Speaking from a personal point of view from I have been in and around the car selling and fixing business for more years than I care to remember and although I cannot claim to be perfect I like to think I treated people pretty much how I would like to be treated myself.
I think that unfortunately, like many jobs in this world, there will always come a time of complacency or times when you just have an off day. We all have them but unfortunately in this business your off day may coincide with a customer who has saved for years to finally buy the new car they have always dreamed about.
Unfortunately this collision of worlds ends up with them meeting the sales person having their bad day but that salesperson may not realise that the consequences of that bad day ends up having far reaching ramifications.

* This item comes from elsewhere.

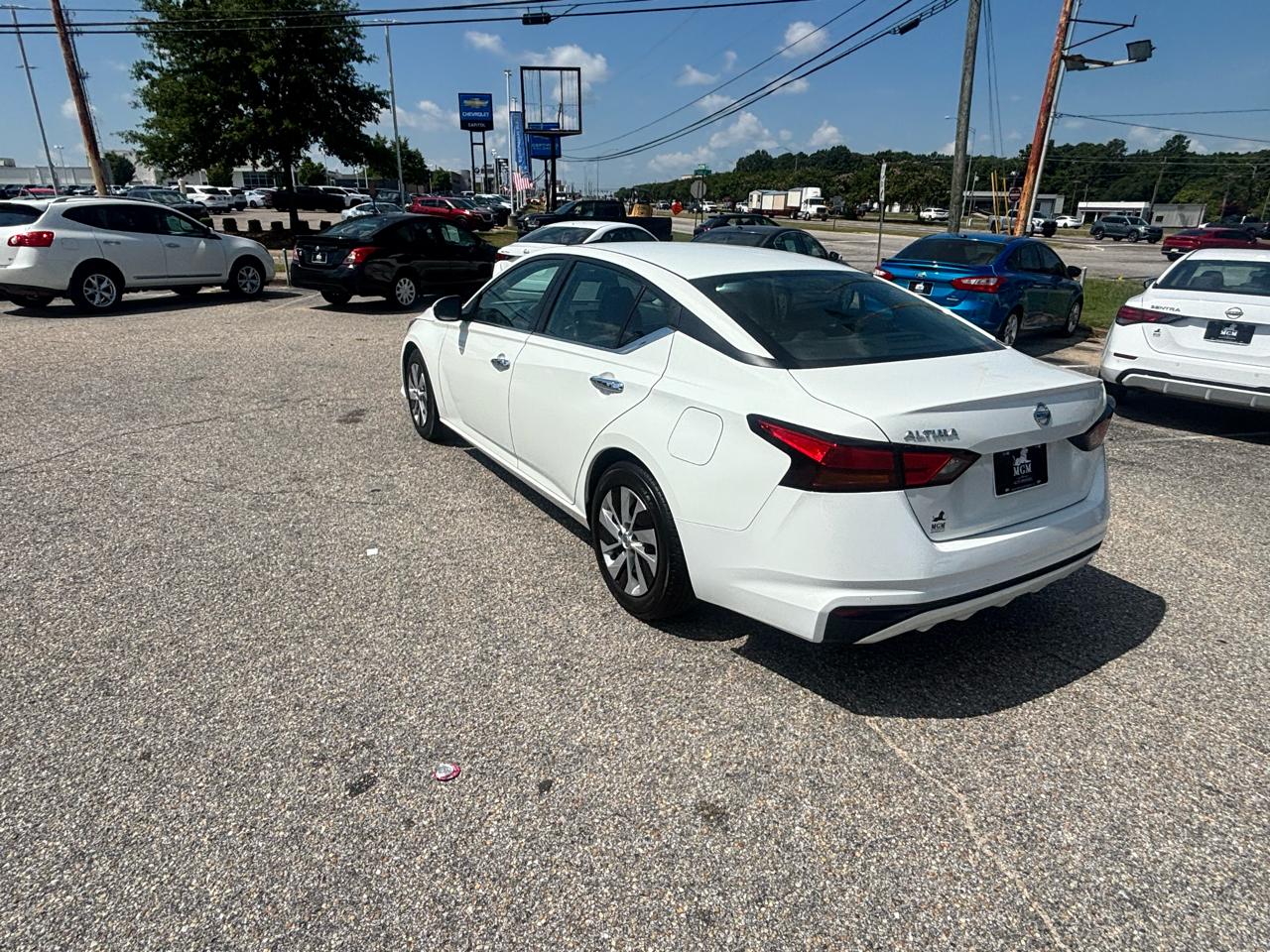 Nissan Altima  2022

In other words we become immune to the fact that, to the buyer who is just about to make a major commitment, this process is vital whereas to the sales person it’s just another customer buying just another car. Unfortunately it is a rather expensive “just another car” but to the sales person then and there it might as well be loose change.
That is probably why the suspicion of car dealers has grown over the years, and unfortunately it has festered in such a way that some customers expect buying a car to be flat out stressful and are often fully prepared for a fight.

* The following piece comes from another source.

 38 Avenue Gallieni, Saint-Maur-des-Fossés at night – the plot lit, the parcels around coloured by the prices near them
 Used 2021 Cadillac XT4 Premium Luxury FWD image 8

Of course it is rather sad that it ever got to this stage and – although there is still a long way to go, and some companies are making rather a meal out of just giving customers what they want – there are still examples every day of disillusioned customers who shop for cars purely on price on the assumption that if they are to receive poor service they may as well get that poor service as cheaply as possible.
I was starkly reminded of this recently when I went to visit a friend who runs a busy showroom near York. I was waiting for him to finish a meeting before we went for lunch and was sitting in the showroom enjoying the hello magazine and a coffee. The showroom was pleasingly busy with all the staff dealing with customers and either demonstrating cars or collecting info. There was a real buzz about the place and a great atmosphere.

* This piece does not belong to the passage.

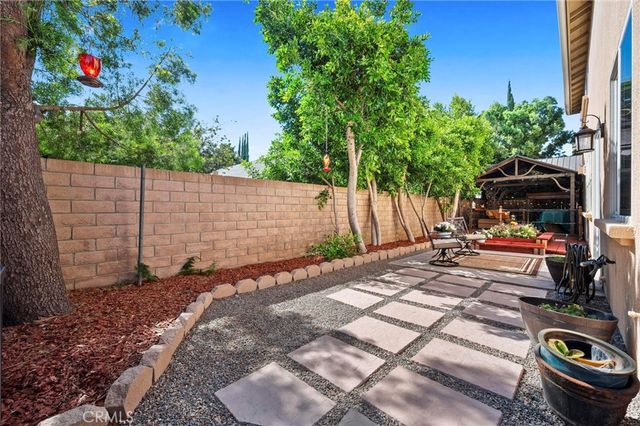 8501 Browns Creek Ln, Canoga Park, CA 91304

This was until a lady, clearly agitated that she had not been seen within 1 minute, started remonstrating with the showroom host who was trying manfully to explain that all the sales staff were with customers and would she like a coffee or to make an appointment to re-visit when she had more time. The lady was having none of it and gave the immortal line “well if you don’t want to sell me a car I shall go elsewhere”
I have heard this many times and often wonder if this is because they have had such a bad experience before they feel it’s best to go in all attack mode, or that the trade has such a poor reputation that they feel they can say or do anything and everyone will immediately jump.
I don’t know what the answer is but what I do know is you can only do what you can and if the place is full of customers waiting to be served and you do not have an appointment then that’s just the way it is. As long as the staff try to make you feel as welcome and as comfortable as possible and offer you an alternative then that should be fine.
The truth is I suspect, like a microcosm of life, there are both rude sales staff and equally rude customers, so really it’s probably best if neither of them ever meet each other.
Although I’m sure it would be worth watching.